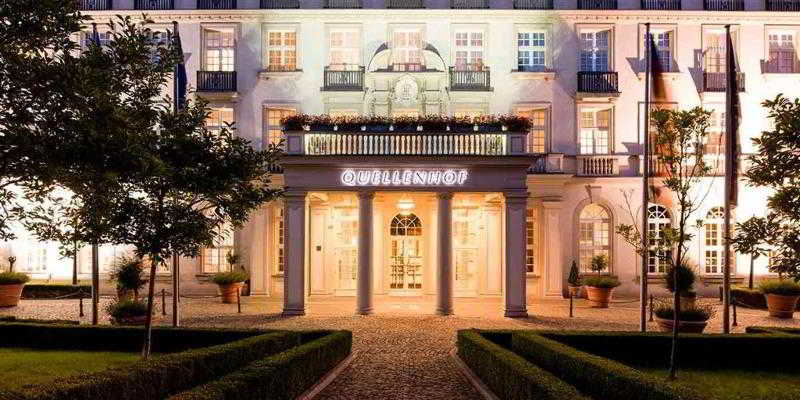 Parkhotel Quellenhof Aachen 1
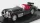 Brumm - JAGUAR XK 120 SPIDER N 607 RALLY DELLE ALPI 1953 BLACK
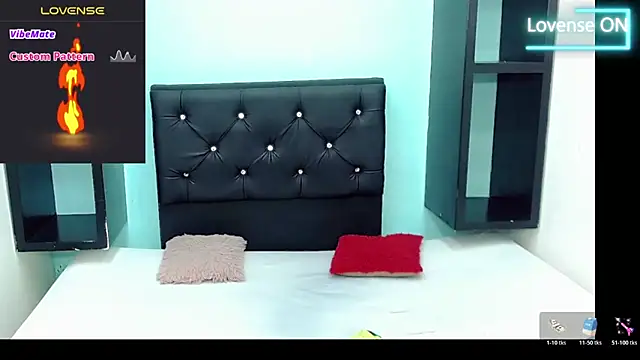 Snapshot of kinverly_sexyx chatting on February 12, 4:07 am kinverly sexyx online show from February 12, 4:07 am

════════════════

--- TASK OBJECTIVE ---
Copy the listing exactly. Any image in it stays out of the copy.

--- ANSWER SECTION ---
 Parkhotel Quellenhof Aachen 1
 Brumm - JAGUAR XK 120 SPIDER N 607 RALLY DELLE ALPI 1953 BLACK
 Snapshot of kinverly_sexyx chatting on February 12, 4:07 am kinverly sexyx online show from February 12, 4:07 am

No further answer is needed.